> Your task:
Without the pictures, set down exactly the lines from the one that contains "first light on" to the end of the entries, both included, and nothing besides.

[[ Supplied data, beginning ]]

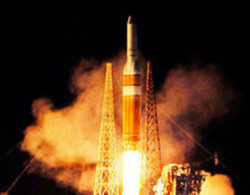  Cảnh tên lửa Delta-4 Heavy mang vệ tinh NROL-32 được phóng tối 21/11. Ảnh: CBS.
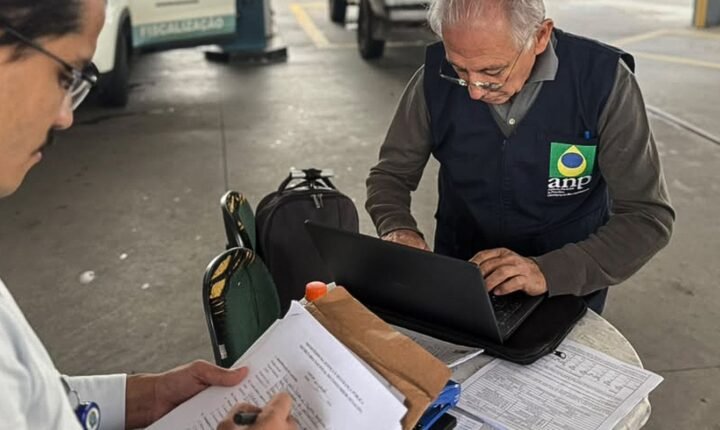 ANP aplica R$ 200 milhões em multas por alta abusiva de combustíveis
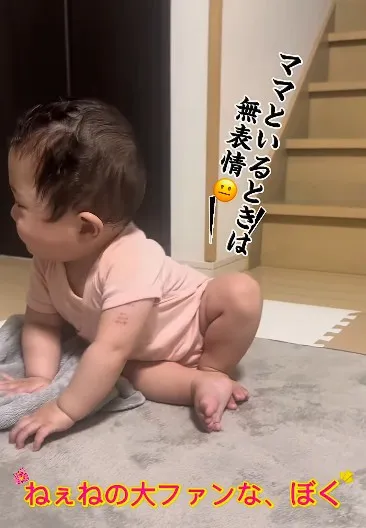 15歳姉が大好きな0歳弟、ねぇねが帰ってきた瞬間…!?全身で大歓迎する姿にママも「毎日この様子が見たくて…」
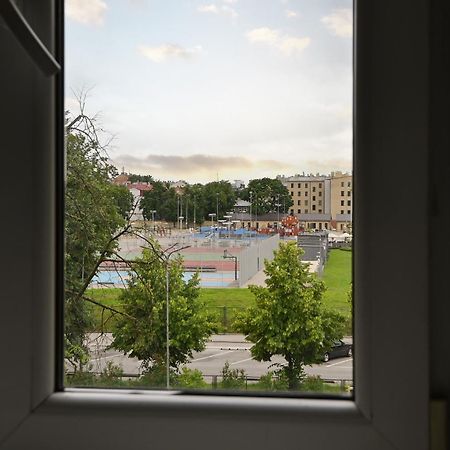 Nice & Cheap Apartment And Free Parking Рига Экстерьер фото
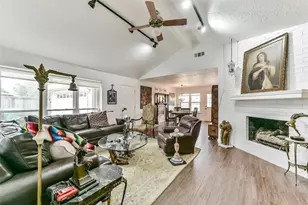 15907 Diana Ln, Houston, MS 77062 - Photo 7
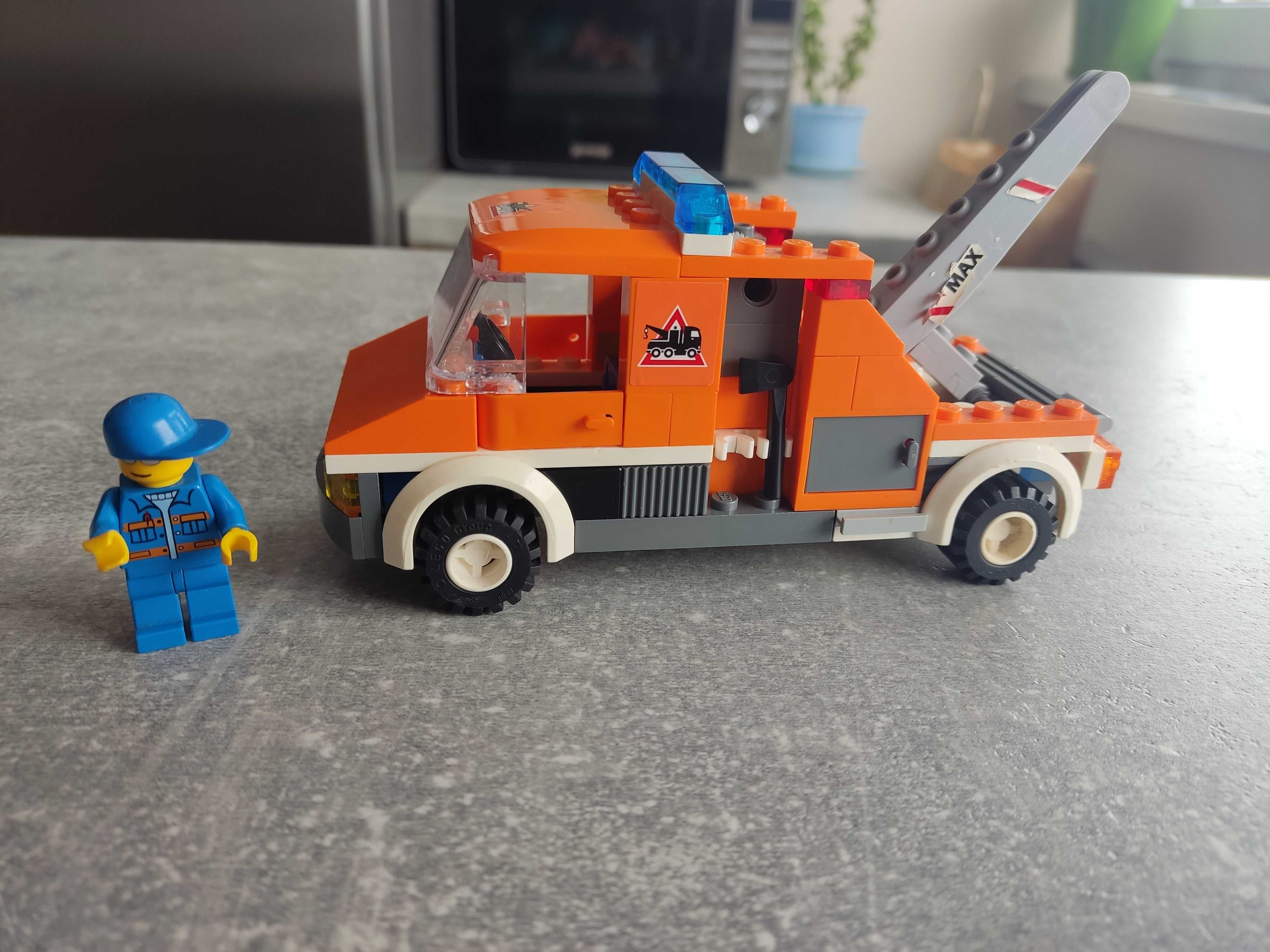 LEGO city pomoc drogowa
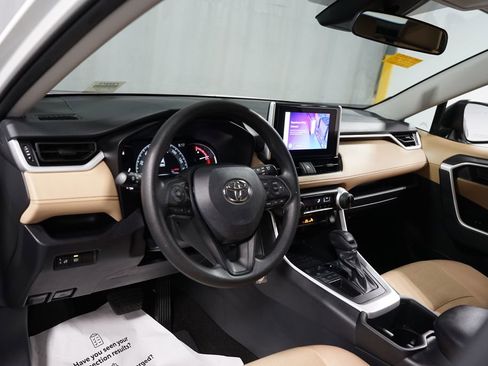 Certified 2025 Toyota RAV4 LE image 11
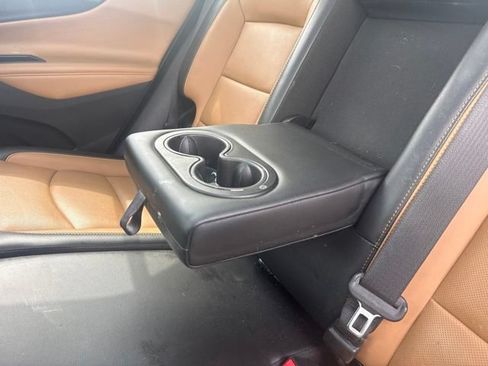 Used 2019 Chevrolet Equinox Premier FWD image 30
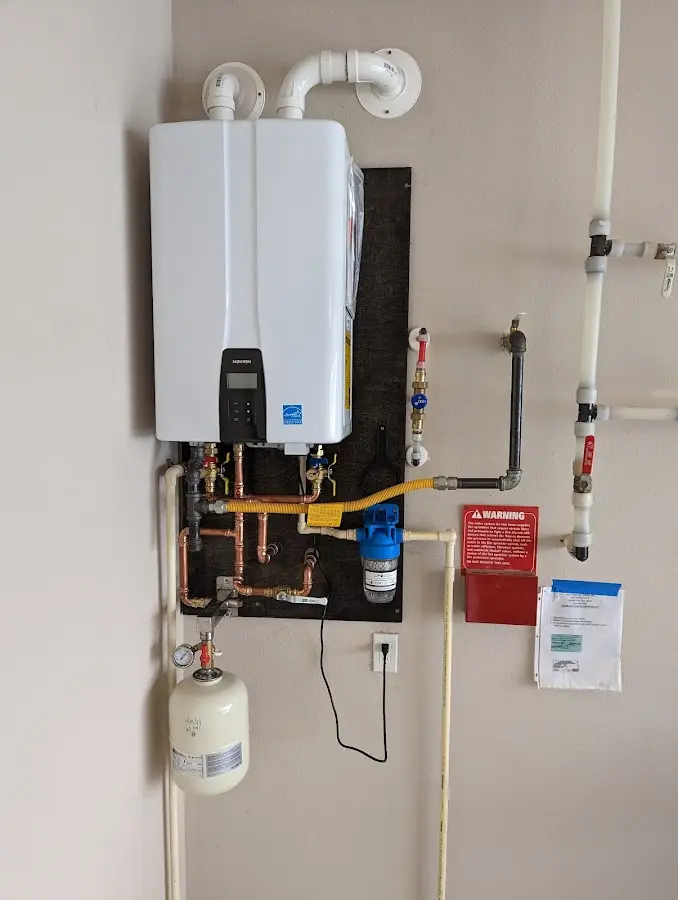 Professional plumber installing copper piping in a Conemaugh home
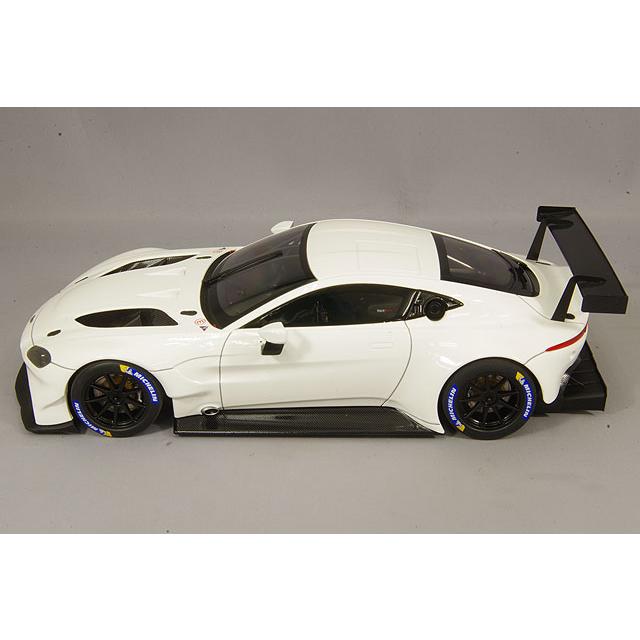 ミニカー/完成品 オートアート コンポジットモデル 1/18 アストンマーチン ヴァンテージ GTE 2018 ホワイト |  | 01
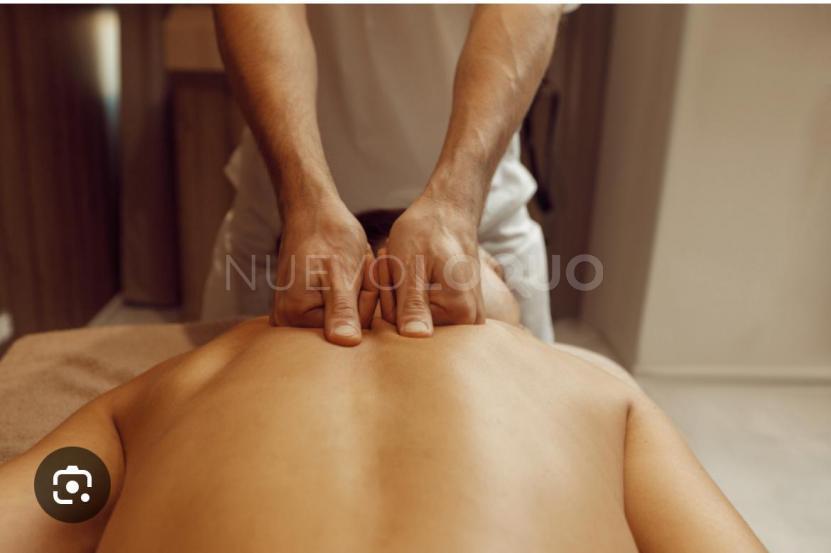  Hombre masajista para masaje profesional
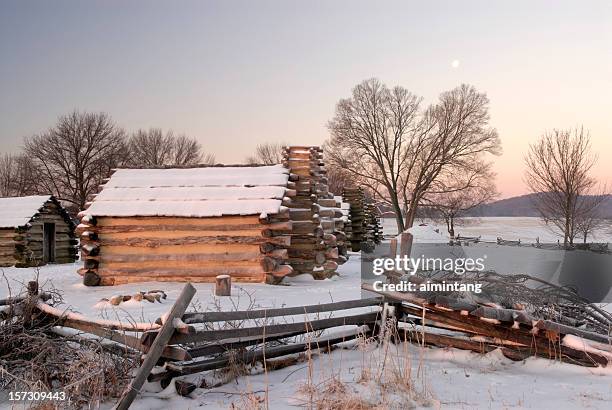 first light on cabins - valley forge stockfoto's en -beelden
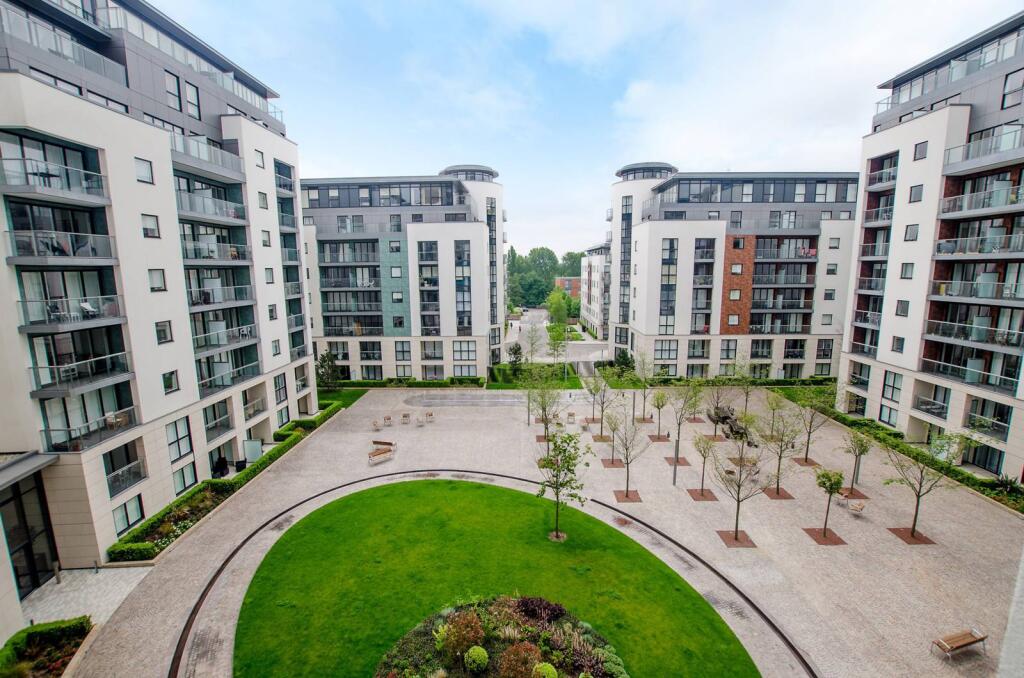 Main image of property: Kew Bridge West, Kew Bridge, Brentford, TW8
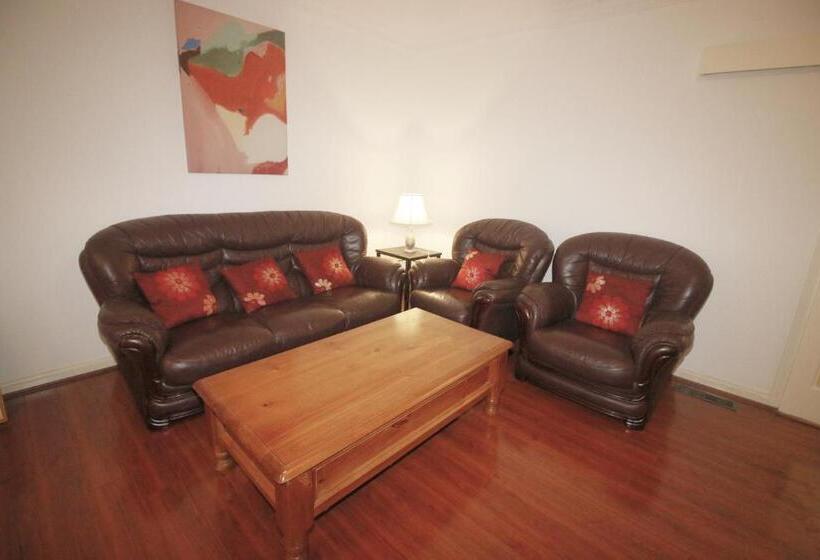 پانسیون Sunny House   Melbourne Airport Home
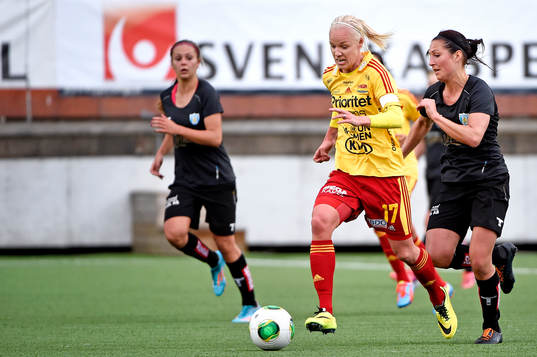 Tyresös Caroline Seger och Göteborgs Lieke Martens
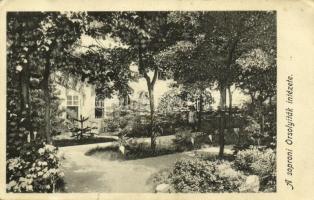 1918 Sopron, Orsolyiták intézete, kert. Kiadja Stagl F. fényképész (EK)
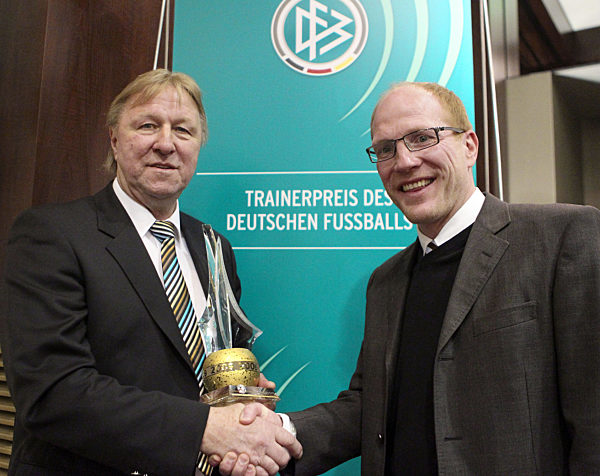 Trainerpreis an Horst Hrubesch
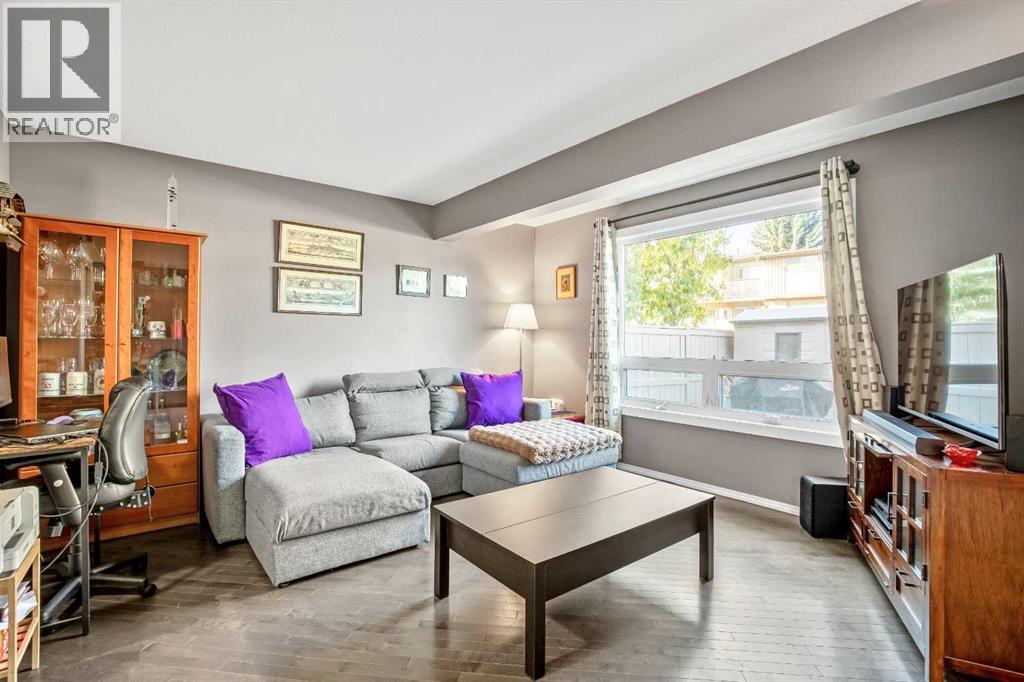 Single Family House for Sale in    Avenue NW Huntington Hills Calgary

[[ Supplied data, end ]]

> Completed exercise:
 first light on cabins - valley forge stockfoto's en -beelden
 Main image of property: Kew Bridge West, Kew Bridge, Brentford, TW8
 پانسیون Sunny House   Melbourne Airport Home
 Tyresös Caroline Seger och Göteborgs Lieke Martens
 1918 Sopron, Orsolyiták intézete, kert. Kiadja Stagl F. fényképész (EK)
 Trainerpreis an Horst Hrubesch
 Single Family House for Sale in    Avenue NW Huntington Hills Calgary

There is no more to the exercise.